See cited the “abject cruelty of the accused’s appalling conduct” in his sentencing, which he added must signal “societal outrage and abhorrence” at the crime.

But taking into account the defendant’s obsessive compulsive disorder and the depression she developed around the time she gave birth, See said he did not think that life imprisonment was “fair and appropriate”.

The prosecution had sought a reduced charge of culpable homicide rather than murder – punishable with the death penalty in Singapore – after taking into account her mental health.

The maid was employed by Gaiyathiri and her husband, a police officer, in 2015 to help take care of their four-year-old daughter and one-year-old son.

But Gaiyathiri physically assaulted the victim almost daily, often several times a day, with her 61-year-old mother sometimes joining in, according to court documents.

The domestic worker, who had been employed by the family for over a year at the time of her death, was only allowed to sleep for five hours a night, and was forced to shower and relieve herself with the door open.

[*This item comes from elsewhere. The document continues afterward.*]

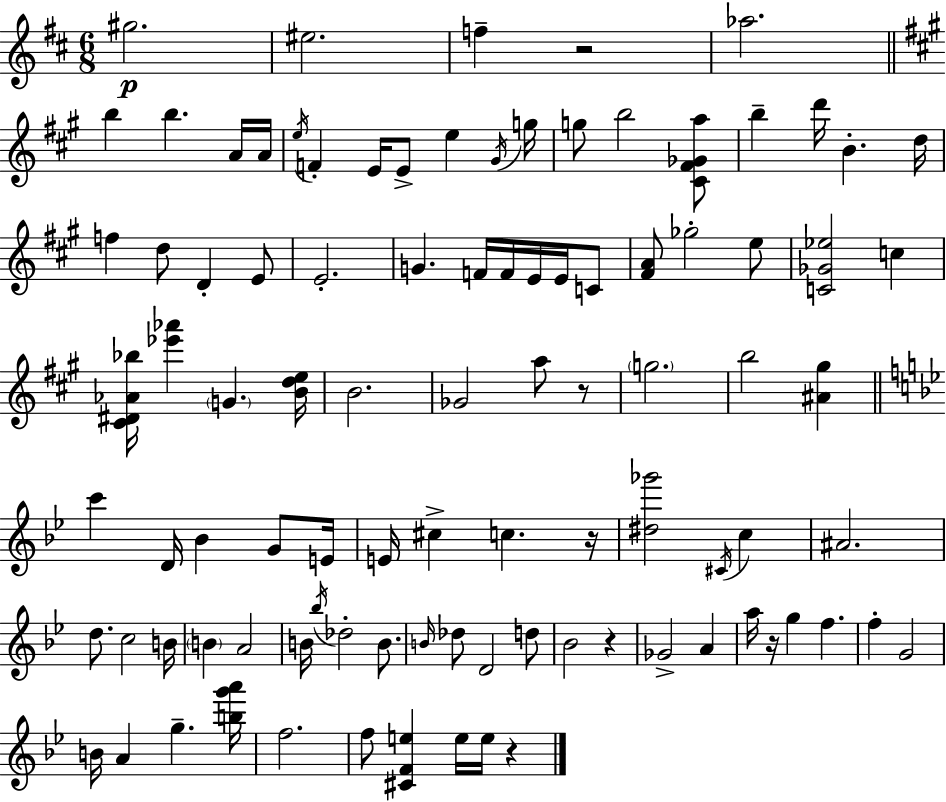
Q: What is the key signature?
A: D major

Provided very little food, she lost about 38 percent of her body weight during her employment, and only weighed 24 kilogrammes (53 pounds) at the time of her death.

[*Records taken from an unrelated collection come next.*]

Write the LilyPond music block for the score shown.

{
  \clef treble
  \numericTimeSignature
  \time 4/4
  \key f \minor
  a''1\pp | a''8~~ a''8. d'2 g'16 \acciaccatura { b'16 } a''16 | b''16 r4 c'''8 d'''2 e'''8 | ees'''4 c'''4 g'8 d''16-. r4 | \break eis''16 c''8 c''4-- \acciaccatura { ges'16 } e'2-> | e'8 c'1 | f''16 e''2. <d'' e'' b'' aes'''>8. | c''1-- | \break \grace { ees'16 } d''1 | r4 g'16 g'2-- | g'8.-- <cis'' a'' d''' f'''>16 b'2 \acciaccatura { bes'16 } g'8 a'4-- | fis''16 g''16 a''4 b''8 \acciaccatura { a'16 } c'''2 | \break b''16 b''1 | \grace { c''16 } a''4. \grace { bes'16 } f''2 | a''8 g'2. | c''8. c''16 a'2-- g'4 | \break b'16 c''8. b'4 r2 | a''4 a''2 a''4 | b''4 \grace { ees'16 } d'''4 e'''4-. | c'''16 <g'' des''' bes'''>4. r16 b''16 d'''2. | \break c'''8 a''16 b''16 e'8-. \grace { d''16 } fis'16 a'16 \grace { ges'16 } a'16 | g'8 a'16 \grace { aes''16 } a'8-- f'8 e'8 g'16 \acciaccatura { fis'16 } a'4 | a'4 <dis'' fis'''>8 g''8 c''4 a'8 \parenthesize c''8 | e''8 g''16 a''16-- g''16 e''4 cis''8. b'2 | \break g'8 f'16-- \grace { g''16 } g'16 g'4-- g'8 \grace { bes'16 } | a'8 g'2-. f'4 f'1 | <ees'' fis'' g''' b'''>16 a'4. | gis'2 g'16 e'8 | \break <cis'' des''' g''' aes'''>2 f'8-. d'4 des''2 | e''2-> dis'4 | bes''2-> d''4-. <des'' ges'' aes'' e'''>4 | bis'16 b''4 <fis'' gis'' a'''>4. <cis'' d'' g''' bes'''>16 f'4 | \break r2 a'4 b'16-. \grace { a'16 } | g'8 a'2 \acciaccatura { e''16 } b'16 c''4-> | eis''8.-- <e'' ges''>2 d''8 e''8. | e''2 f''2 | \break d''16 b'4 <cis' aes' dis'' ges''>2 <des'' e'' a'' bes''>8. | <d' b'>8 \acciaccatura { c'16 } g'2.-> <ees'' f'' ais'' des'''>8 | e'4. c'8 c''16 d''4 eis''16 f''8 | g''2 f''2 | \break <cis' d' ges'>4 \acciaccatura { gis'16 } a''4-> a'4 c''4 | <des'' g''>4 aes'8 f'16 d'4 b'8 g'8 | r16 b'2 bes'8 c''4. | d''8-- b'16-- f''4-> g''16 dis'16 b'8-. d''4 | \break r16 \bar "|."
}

Gaiyathiri’s lawyer Joseph Chen had asked for a sentence of eight to nine years, arguing that a “combination of stresses” had turned the struggling mother into an abuser.

He argued that a harsh sentence would deter mothers in a similar situation from asking for help -- an argument that the prosecution called “disingenuous”. – AFP, June 22, 2021


  1. Jail Not Enough.

    What about the victim's family in Myanmar. They were depending on her to support them financially. The Sing court should have also fined this lady heavily and ordered the money to be paid to the victim's family for loss of financial support.

  2. Compare this Singapore case to the Ambika case, we should be ashamed.

    Here is a quote from the court

    "Ambika was acquitted after her lawyer cited Section 254 (3) of the Criminal Procedure Code and urged the court to take into account her age and deteriorating health.
    "The accused Ambika is over 60 years old and has several health issues and the court has given priority to that matter," said Penang High Court judge Akhtar Tahir.

    I believe that the AG has appealed the Appellate Court decision to uphold the acquital of Ambika. (I stand to be corrected)

    Was there any conclusion? Did the AG actually send in the appeal?

    1. Sing case at least had a mitigating circumstance where the criminal was almost insanely distressed. Ambika? None whatsoever other than her immense cruelty and wickedness

  3. the maid died right? how 30 years is a show to msia? dun understand.

    1. Same sane with the high fatality rate after AZ vaccine inoculation in that f*cked Formosa!

      How do u understand - deserve to die mah!